Exercise prompt – Within the records below, find each line that holds the string "Galaxy", then copy it.

++++

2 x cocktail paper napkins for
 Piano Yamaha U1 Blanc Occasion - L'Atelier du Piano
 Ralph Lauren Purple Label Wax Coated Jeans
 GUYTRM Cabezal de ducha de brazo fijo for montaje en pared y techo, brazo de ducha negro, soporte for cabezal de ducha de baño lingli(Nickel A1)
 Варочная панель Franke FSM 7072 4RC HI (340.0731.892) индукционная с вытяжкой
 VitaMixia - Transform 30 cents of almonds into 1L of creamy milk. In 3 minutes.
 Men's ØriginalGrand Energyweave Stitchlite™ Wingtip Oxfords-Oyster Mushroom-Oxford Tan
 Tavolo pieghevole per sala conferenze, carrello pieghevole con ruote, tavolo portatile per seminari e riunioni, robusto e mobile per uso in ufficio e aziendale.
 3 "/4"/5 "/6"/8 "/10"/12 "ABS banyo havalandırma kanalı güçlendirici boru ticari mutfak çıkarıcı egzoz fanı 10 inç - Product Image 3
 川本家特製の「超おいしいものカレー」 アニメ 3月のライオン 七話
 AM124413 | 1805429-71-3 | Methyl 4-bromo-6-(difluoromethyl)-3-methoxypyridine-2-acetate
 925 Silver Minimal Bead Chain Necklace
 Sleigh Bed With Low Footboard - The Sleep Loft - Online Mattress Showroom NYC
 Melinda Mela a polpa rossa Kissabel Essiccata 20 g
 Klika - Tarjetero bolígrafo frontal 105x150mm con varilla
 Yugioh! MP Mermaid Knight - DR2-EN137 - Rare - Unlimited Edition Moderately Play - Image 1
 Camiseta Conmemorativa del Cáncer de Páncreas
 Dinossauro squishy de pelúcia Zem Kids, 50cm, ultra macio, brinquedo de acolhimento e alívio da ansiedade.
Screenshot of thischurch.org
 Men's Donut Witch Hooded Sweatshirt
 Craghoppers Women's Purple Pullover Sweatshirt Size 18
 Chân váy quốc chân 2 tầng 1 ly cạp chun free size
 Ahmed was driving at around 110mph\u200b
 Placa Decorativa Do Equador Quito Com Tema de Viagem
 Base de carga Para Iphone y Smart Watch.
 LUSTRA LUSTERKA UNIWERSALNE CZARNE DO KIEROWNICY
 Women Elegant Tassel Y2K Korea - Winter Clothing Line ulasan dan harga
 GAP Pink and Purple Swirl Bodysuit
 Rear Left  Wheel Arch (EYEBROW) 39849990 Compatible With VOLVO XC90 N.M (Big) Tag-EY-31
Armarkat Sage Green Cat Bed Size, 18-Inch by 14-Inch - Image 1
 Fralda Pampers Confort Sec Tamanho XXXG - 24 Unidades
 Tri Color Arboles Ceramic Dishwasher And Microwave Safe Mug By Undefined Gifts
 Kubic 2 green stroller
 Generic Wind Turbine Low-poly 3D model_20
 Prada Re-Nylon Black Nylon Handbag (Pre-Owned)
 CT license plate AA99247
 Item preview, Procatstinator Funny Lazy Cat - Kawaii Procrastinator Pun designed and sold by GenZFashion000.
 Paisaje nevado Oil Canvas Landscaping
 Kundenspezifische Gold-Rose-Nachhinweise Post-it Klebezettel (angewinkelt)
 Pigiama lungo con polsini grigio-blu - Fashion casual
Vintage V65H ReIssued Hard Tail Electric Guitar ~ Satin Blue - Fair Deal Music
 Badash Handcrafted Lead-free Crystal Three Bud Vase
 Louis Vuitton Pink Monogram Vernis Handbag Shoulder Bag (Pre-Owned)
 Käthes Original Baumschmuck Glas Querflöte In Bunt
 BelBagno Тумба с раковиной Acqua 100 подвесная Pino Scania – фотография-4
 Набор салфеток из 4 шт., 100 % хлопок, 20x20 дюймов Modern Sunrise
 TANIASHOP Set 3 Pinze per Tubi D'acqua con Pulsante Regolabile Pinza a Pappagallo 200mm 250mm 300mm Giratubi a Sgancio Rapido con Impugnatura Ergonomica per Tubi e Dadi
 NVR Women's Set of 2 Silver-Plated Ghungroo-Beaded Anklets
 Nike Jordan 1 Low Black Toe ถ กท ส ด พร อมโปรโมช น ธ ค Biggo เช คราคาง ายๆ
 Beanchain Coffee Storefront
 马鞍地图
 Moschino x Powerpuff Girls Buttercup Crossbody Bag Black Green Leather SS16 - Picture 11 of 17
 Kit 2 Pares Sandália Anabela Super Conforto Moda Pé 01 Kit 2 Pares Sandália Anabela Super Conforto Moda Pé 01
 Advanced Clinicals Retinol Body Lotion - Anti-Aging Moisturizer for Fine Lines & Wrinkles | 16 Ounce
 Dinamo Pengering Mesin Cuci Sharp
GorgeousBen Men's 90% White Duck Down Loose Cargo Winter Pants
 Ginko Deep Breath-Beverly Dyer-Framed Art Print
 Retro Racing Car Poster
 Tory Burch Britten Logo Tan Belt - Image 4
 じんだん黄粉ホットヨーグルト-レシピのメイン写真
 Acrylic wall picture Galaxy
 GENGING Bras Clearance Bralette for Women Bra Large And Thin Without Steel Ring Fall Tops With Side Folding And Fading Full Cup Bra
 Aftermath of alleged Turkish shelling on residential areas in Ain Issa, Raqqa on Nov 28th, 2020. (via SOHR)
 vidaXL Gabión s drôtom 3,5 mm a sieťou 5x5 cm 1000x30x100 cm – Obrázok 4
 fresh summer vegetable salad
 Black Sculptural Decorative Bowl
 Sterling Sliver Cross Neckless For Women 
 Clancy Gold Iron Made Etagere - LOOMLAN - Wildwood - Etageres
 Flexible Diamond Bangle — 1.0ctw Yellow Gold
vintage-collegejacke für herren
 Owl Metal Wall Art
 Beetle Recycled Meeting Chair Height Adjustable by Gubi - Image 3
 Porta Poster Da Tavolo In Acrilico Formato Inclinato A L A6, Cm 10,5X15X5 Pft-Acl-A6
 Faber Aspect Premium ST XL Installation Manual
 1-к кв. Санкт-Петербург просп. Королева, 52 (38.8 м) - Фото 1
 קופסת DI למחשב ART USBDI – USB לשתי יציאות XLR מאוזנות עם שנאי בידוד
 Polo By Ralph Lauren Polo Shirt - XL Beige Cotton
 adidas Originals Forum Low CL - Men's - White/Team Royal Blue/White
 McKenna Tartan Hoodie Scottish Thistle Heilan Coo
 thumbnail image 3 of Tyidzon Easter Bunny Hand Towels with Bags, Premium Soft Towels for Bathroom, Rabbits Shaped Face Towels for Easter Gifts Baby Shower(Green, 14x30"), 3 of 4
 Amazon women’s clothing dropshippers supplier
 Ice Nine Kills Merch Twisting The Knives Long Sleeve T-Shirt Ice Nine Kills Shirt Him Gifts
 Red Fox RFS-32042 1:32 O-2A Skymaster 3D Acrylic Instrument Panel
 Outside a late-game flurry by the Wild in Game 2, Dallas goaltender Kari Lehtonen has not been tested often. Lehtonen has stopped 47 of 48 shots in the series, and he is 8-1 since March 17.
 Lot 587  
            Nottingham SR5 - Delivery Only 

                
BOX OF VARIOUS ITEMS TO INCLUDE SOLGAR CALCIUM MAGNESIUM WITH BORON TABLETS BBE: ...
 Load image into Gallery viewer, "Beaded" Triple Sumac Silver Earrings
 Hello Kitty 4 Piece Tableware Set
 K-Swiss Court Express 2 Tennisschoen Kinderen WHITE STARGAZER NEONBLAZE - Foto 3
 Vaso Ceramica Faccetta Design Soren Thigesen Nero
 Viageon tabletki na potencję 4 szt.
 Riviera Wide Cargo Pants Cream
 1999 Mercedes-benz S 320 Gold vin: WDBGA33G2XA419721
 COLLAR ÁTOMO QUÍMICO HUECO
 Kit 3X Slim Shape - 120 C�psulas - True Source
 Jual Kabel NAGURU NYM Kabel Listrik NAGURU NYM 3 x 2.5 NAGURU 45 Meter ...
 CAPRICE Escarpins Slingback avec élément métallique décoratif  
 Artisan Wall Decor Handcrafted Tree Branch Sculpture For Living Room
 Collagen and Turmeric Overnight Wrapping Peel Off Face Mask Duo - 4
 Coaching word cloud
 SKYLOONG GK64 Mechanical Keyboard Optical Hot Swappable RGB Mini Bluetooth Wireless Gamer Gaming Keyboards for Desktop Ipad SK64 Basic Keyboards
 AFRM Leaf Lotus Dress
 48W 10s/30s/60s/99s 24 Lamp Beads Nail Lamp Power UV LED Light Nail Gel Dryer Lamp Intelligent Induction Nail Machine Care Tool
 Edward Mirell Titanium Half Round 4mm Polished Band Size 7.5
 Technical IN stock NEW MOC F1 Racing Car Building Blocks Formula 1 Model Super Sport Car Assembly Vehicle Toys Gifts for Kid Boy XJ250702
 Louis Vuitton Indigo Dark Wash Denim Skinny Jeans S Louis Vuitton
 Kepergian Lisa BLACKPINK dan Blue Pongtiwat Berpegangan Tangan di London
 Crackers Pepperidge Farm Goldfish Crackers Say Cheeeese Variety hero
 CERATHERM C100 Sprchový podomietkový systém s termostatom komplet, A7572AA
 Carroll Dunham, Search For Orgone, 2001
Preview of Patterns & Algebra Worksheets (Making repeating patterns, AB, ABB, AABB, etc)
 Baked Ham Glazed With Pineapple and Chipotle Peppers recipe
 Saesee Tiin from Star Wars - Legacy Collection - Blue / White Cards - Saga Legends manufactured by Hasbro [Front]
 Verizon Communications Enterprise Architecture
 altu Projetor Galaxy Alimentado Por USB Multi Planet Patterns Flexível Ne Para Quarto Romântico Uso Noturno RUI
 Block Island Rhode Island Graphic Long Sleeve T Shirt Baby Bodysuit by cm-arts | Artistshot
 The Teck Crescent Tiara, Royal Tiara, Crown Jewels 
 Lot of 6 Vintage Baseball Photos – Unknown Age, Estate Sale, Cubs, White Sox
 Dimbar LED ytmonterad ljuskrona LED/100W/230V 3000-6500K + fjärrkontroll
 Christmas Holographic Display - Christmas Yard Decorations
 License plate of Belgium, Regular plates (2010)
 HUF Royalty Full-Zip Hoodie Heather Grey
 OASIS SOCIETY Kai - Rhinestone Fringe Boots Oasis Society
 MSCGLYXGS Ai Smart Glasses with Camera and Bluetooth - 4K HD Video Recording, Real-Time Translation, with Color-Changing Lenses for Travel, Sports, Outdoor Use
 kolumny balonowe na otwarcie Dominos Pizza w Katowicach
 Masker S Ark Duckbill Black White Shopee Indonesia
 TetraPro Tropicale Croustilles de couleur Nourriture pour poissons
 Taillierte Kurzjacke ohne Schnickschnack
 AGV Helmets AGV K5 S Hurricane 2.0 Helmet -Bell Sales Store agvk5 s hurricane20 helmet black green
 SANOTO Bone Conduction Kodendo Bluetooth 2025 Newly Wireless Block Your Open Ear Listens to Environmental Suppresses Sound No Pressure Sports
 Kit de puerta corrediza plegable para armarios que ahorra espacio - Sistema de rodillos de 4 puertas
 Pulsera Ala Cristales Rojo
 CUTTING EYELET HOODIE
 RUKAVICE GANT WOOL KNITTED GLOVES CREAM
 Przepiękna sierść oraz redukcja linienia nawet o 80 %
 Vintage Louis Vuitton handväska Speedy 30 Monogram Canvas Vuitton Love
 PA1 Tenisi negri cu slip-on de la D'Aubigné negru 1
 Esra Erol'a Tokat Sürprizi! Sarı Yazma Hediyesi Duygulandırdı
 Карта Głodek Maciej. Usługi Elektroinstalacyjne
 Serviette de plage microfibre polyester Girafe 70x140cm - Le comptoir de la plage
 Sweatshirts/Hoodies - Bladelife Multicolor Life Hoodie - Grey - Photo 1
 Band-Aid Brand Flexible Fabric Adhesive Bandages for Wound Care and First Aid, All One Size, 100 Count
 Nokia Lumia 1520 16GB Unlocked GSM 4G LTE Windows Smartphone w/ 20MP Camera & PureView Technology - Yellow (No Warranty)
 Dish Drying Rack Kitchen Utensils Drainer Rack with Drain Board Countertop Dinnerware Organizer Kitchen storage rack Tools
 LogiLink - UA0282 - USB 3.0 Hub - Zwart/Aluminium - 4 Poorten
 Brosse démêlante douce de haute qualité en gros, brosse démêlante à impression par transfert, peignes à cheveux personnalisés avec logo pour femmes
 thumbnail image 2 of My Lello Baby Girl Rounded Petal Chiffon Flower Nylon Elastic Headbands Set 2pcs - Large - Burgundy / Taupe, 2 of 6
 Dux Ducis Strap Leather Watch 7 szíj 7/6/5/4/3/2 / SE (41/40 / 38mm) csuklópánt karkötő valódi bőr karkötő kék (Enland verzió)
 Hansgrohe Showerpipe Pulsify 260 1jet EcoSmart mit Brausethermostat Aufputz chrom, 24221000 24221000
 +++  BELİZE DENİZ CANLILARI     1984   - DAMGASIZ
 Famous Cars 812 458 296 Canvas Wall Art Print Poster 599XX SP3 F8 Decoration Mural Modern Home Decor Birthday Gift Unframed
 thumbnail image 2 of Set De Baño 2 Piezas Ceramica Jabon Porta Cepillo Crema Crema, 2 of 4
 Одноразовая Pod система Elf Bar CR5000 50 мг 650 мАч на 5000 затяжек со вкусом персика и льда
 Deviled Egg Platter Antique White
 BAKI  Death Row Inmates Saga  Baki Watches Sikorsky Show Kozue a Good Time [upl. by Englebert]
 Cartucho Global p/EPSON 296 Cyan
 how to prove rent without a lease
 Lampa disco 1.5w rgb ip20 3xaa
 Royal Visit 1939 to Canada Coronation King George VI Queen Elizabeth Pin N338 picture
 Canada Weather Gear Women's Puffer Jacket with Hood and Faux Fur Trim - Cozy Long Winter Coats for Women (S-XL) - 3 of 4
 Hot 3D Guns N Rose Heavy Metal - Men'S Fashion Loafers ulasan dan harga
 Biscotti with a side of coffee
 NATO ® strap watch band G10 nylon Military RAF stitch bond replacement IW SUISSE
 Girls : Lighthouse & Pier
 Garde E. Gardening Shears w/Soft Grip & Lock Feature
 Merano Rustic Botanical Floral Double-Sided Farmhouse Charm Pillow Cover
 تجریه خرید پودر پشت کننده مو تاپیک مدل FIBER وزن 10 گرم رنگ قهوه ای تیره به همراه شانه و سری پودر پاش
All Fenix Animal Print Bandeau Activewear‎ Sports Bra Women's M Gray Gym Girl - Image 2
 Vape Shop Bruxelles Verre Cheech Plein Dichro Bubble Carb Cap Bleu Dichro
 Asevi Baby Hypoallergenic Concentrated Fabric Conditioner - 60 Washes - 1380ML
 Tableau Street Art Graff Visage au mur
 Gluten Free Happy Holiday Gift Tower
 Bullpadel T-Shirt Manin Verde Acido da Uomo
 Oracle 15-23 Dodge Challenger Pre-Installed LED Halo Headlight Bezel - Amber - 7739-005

++++

Answer to the exercise –
 Acrylic wall picture Galaxy
 altu Projetor Galaxy Alimentado Por USB Multi Planet Patterns Flexível Ne Para Quarto Romântico Uso Noturno RUI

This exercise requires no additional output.